Il bambino Kaliy’el.

Non conviene nemmeno provarci a guidarli o a influenzarli come che sia. Già da piccoli i Kaliy’el la sanno molto più lunga degli adulti: se mostrano di ascoltarvi e di obbedirvi, è solo perché per il momento li diverte fare così; ma notate quel sorrisetto scettico che hanno nello sguardo. Forse non ve lo diranno mai, per non ferirvi, ma a loro voi sembrate non tanto adulti, quanto piuttosto molto vecchi, e molto bisognosi di consigli e di guida voi stessi. La cosa più saggia che possiate fare è, semmai, domandare a loro un’opinione su qualcosa che vi sta a cuore e che non riuscite proprio a risolvere. Ne avrete un triplo risultato incoraggiante: riceverete con molta probabilità un parere utile, se non addirittura geniale; farete gustare al piccolo Kaliy’el quel senso di responsabilità che in futuro gli servirà moltissimo; e avrete il piacere di sembrargli più simpatici e meno ottusi di poco prima.

Claviculae Angelorum:

Soccorso rapido nell’ avversità. La forza dell’innocenza. Il favore dei giudici. Protezione contro le intemperanze.

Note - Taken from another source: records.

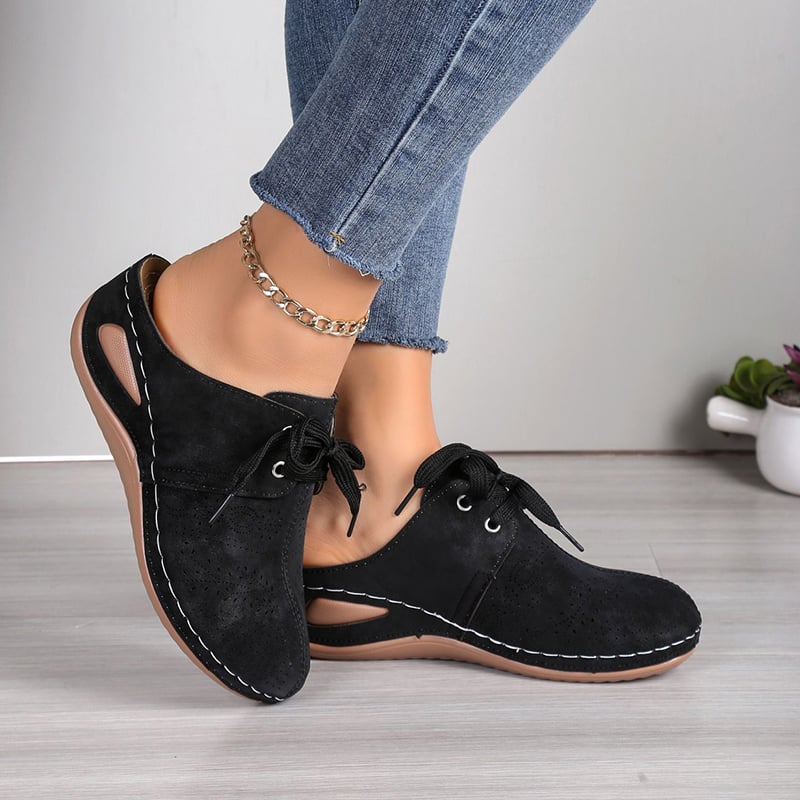 🔥New Women's Sculpted Wedge Heel Thick Leather Shoes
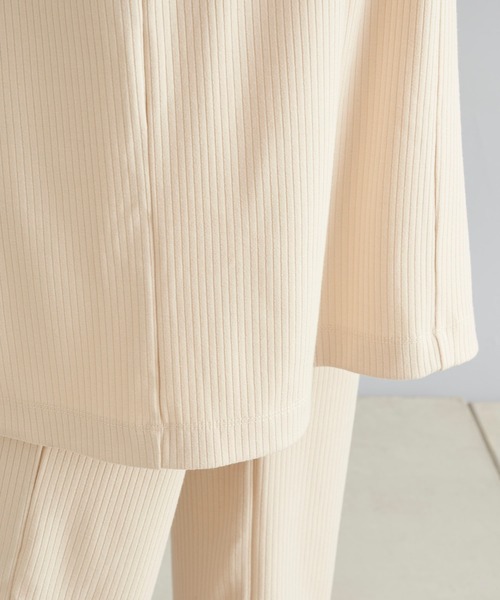 DouDou（ドゥドゥ）の「ノースリロングプルオーバー＋ワイドパンツ（セットアップ・レディース・ブラック/アイボリー/ブラウン・FREE）」の9枚目の写真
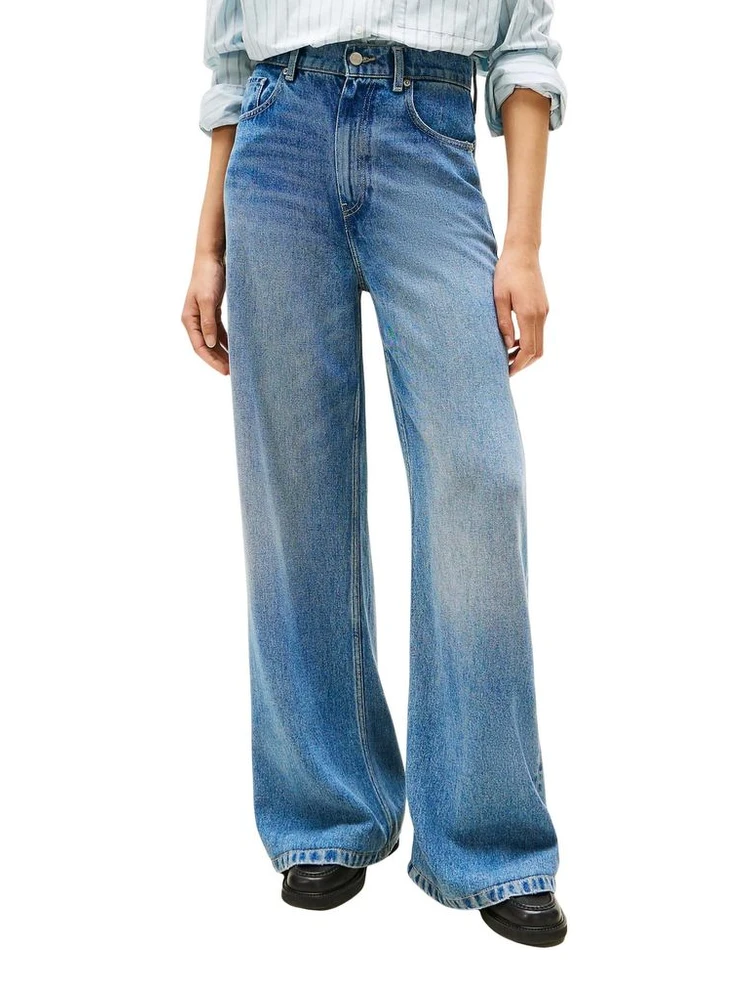 Blue Lyocell Bootcut Jeans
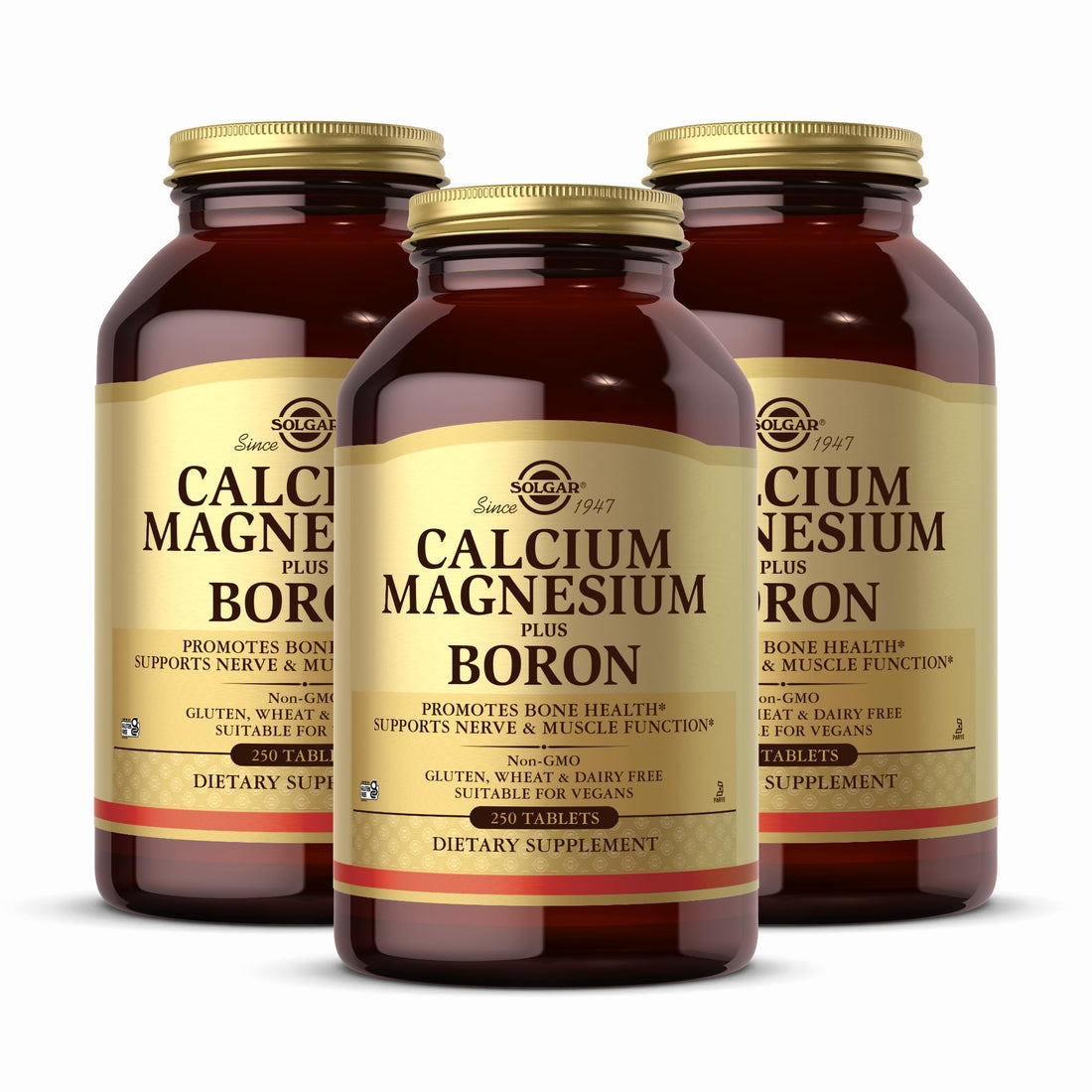 Solgar Calcium Magnesium Plus Boron - 250 Tablets, Pack of 3 - Non-GMO, Vegan, Gluten Free, Dairy Free, Kosher - 249 Total Servings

Qualità di Caliel e ostacoli dall’energia “avversaria”.

Caliel dona rettitudine e imparzialità di fronte alla vita. Le qualità che sviluppa sono integrità, clemenza, riflessione, onestà, capacità di giudicare con discernimento e generosità, capacità di restare in silenzio. L’angelo dell’abisso a lui contrario si chiama Thoniel e rappresenta la calunnia e l’ingiustizia; ispira cinismo, indifferenza, causa i processi scandalosi e anima coloro che cercano d’ingarbugliare i processi e arricchirsi a spese del cliente, chi vive ingannando il prossimo.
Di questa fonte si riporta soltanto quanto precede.